Rhapsody for contralto, male chorus and orchestra, Op.53
A Faust Symphony
Anna Larsson (contralto)
Peter Auty (tenor)
Gentlemen of the London Philharmonic Choir
London Philharmonic Orchestra
Reviewed by: Colin Anderson
Reviewed: 1 May, 2010
Venue: Southbank Centre, London – Royal Festival Hall
Good timing, weight of sound and touching eloquence informed the Wagner. The Liszt was less successful; but it’s a piece that is very difficult to bring off and needs more help and identification than Jurowski brought to it. The three characters that make up the movements are respectively studies of Faust, Gretchen and Mephistopheles, their motifs metamorphosing and meshing; Liszt’s cleverness is there to be heard, his skill and imagination undeniable; yet the themes, sometimes banal, can become repetitive, the symphony stretched beyond itself, although the large (70-minute) scale seems necessary. It needs very special pleading. Jurowski and the LPO were good, sensitive, incisive – but not enough to persuade that that this work is only intermittently interesting. The portrait of ‘Gretchen’ was chaste and burgeoning and, at 21 minutes, among the most spacious of accounts of it – yet it could have had even more timelessness to it. ‘Mephistopheles’ is the weakest movement, trite, yet (as revised by Liszt) ends with the inspired blaze of ‘Chorus Mysticus’, here magnificent from the gentlemen of the chorus, the RFH organ ideally present and balanced and with Peter Auty heroic to Liszt’s challenges. The music representing ‘Faust’ himself emerged as too sectional, at times enervated – more emotional tension was needed to paper the cracks and sustain the whole.
What also contributed to the disappointment was the sound – when there is no audience in the choir area the acoustic of the RFH becomes edgy and lacks focus; with the gentlemen-chorus only returning for the last few minutes of the Liszt (could they not have been present throughout the performance? *), most of this account of A Faust Symphony was over-bright, and eight double basses were simply not enough – however, none of this would have made any difference to the noisy cymbal clashes that were intrusive rather than colourful. No doubt Jurowski will return to A Faust Symphony and hopefully with something more penetrating, enough to scorch directly into the centre of the music and find rather more than a well-executed (and well-manicured) surface.

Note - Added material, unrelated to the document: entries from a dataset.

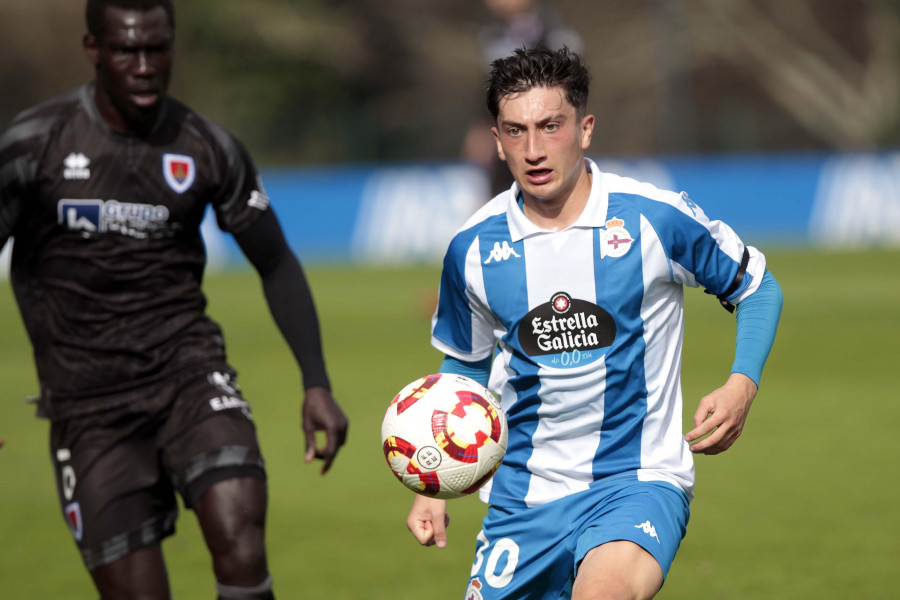 Manu Ferreiro, el último juvenil en marcar con el Fabril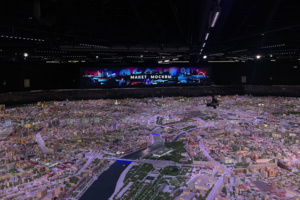 Светотехническое шоу и концерты ждут гостей павильона «Макет Москвы» 9 мая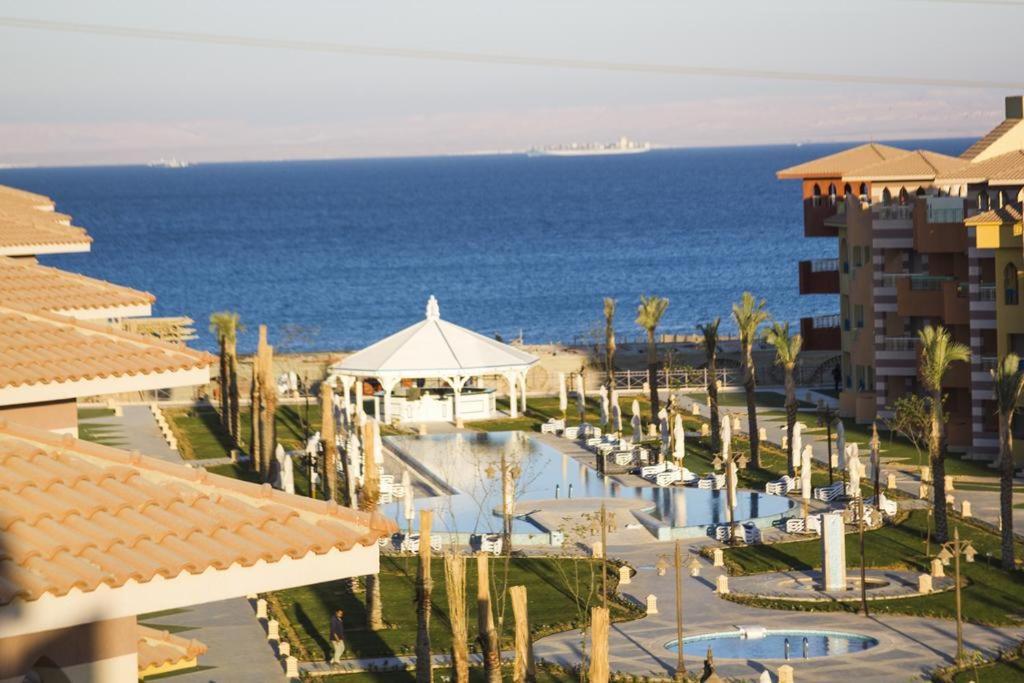 Porto South Beach By Amer Group - Families Only Ain Sukhna Exterior photo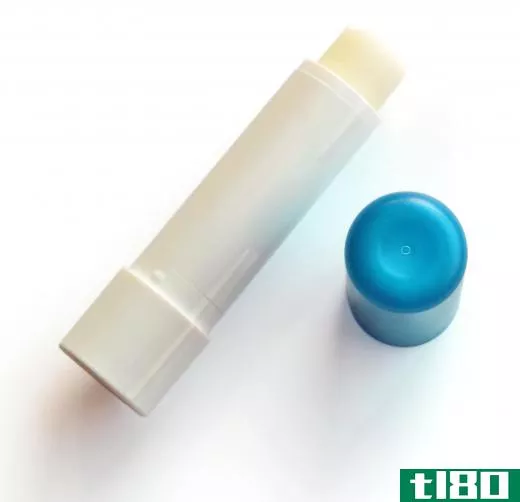 There are a number of benefits to using beeswax lip balm.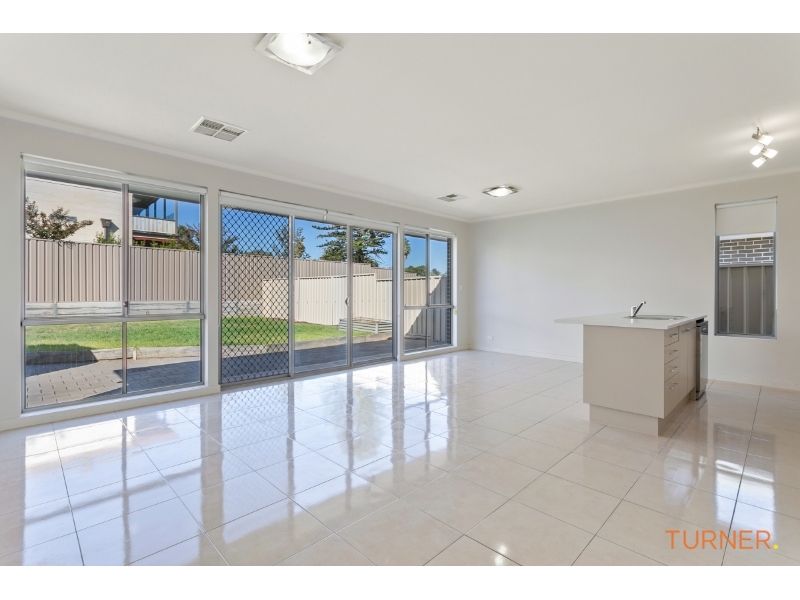 6A Eynesbury Avenue, Kingswood House for rent Listed by Sandra Ursino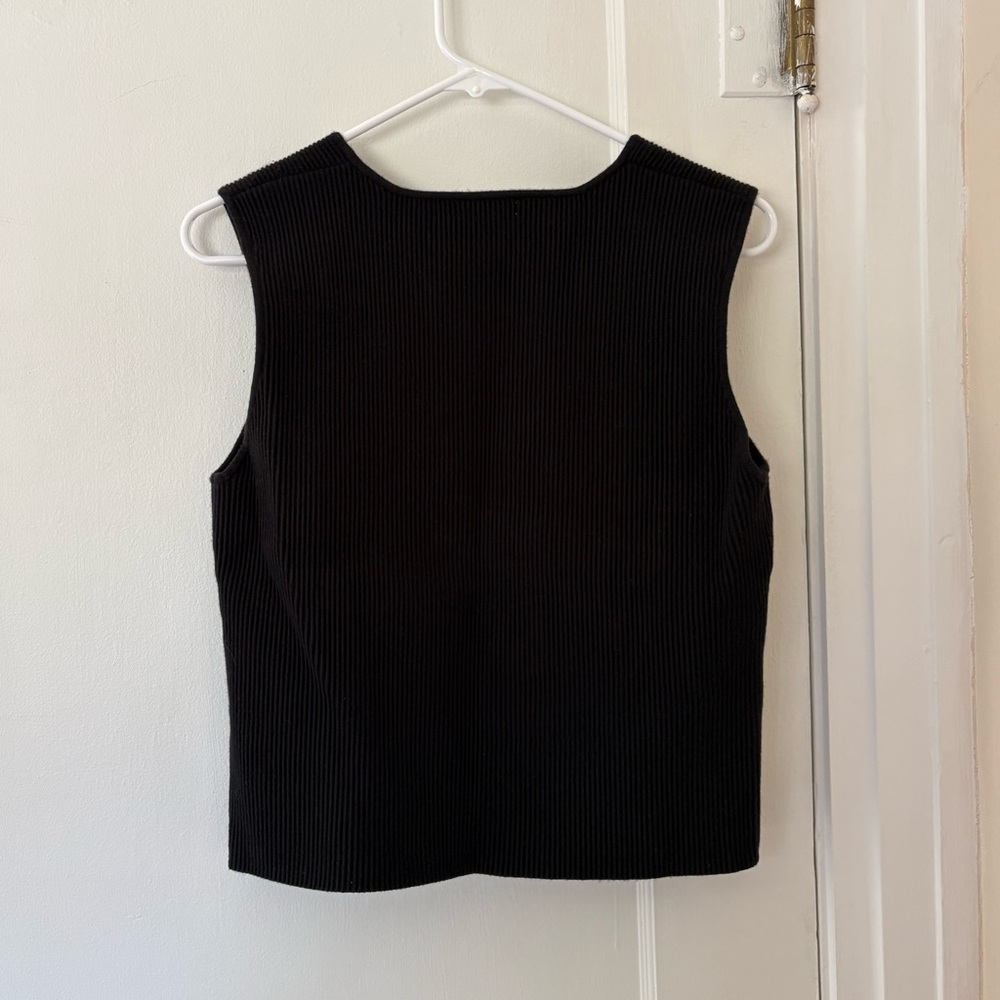 Black Ribbed Top - Picture 6 of 8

Brahms’s “Alto Rhapsody” left the greatest impression – although the Wagner was something of a revelation – the men’s chorus wonderfully blended and unanimously dynamic in the consolatory final section, and if there was a bit of ensemble slippage with Anna Larsson at that point, she had earlier brought intensity to her declamation that was totally compelling; an internal drama that reached the farthest recesses of the hall, Jurowski finding a through-line across the whole that exemplified Brahms’s concision without compromising his largesse and humanity.